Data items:
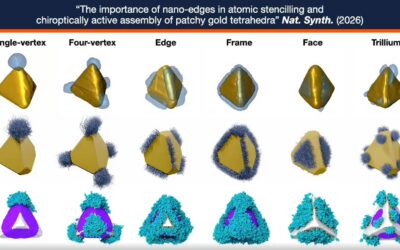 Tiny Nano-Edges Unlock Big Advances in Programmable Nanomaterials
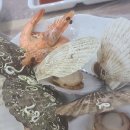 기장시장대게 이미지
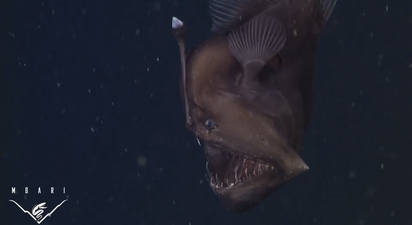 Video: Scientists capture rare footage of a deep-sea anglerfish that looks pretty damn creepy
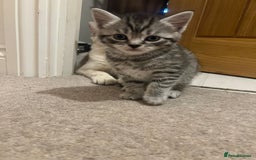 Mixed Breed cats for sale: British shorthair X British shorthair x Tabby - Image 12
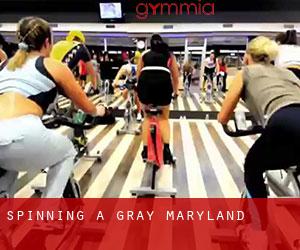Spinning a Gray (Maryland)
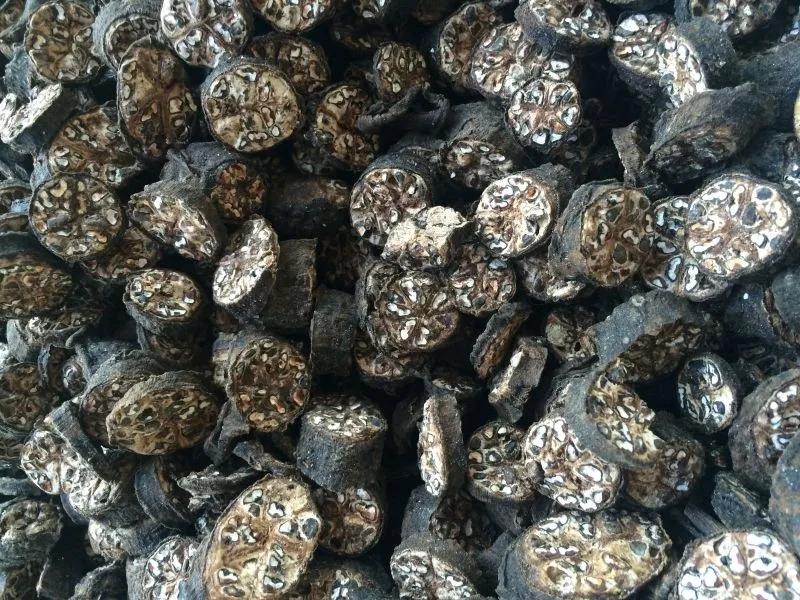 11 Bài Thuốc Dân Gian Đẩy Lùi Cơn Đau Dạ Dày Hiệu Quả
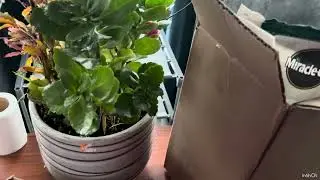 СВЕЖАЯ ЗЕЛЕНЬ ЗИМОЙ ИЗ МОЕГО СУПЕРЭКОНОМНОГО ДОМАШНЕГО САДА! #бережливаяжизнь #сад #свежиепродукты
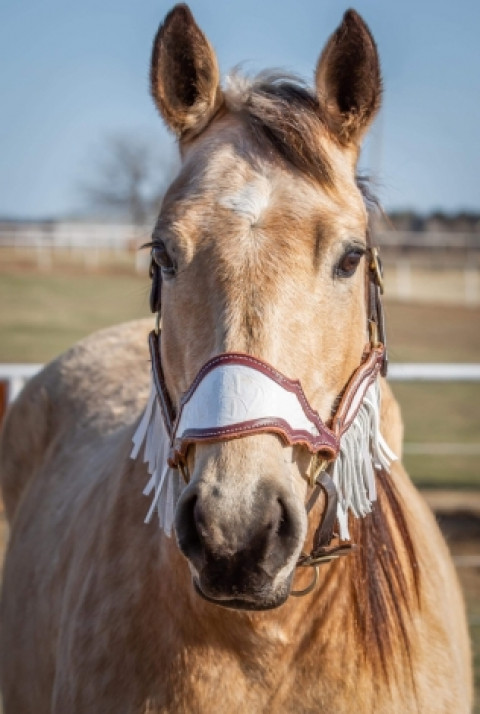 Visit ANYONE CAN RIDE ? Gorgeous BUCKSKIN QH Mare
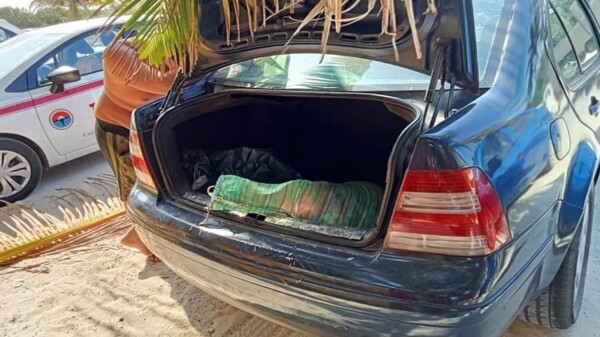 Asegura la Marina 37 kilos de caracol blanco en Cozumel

* INSTRUCTIONS TO FOLLOW
Please return only the lines from the top of the data through the line with "СВЕЖАЯ ЗЕЛЕНЬ ЗИМОЙ", exactly as written, and drop every picture.

* RESPONSE
 Tiny Nano-Edges Unlock Big Advances in Programmable Nanomaterials
 기장시장대게 이미지
 Video: Scientists capture rare footage of a deep-sea anglerfish that looks pretty damn creepy
 Mixed Breed cats for sale: British shorthair X British shorthair x Tabby - Image 12
Spinning a Gray (Maryland)
 11 Bài Thuốc Dân Gian Đẩy Lùi Cơn Đau Dạ Dày Hiệu Quả
 СВЕЖАЯ ЗЕЛЕНЬ ЗИМОЙ ИЗ МОЕГО СУПЕРЭКОНОМНОГО ДОМАШНЕГО САДА! #бережливаяжизнь #сад #свежиепродукты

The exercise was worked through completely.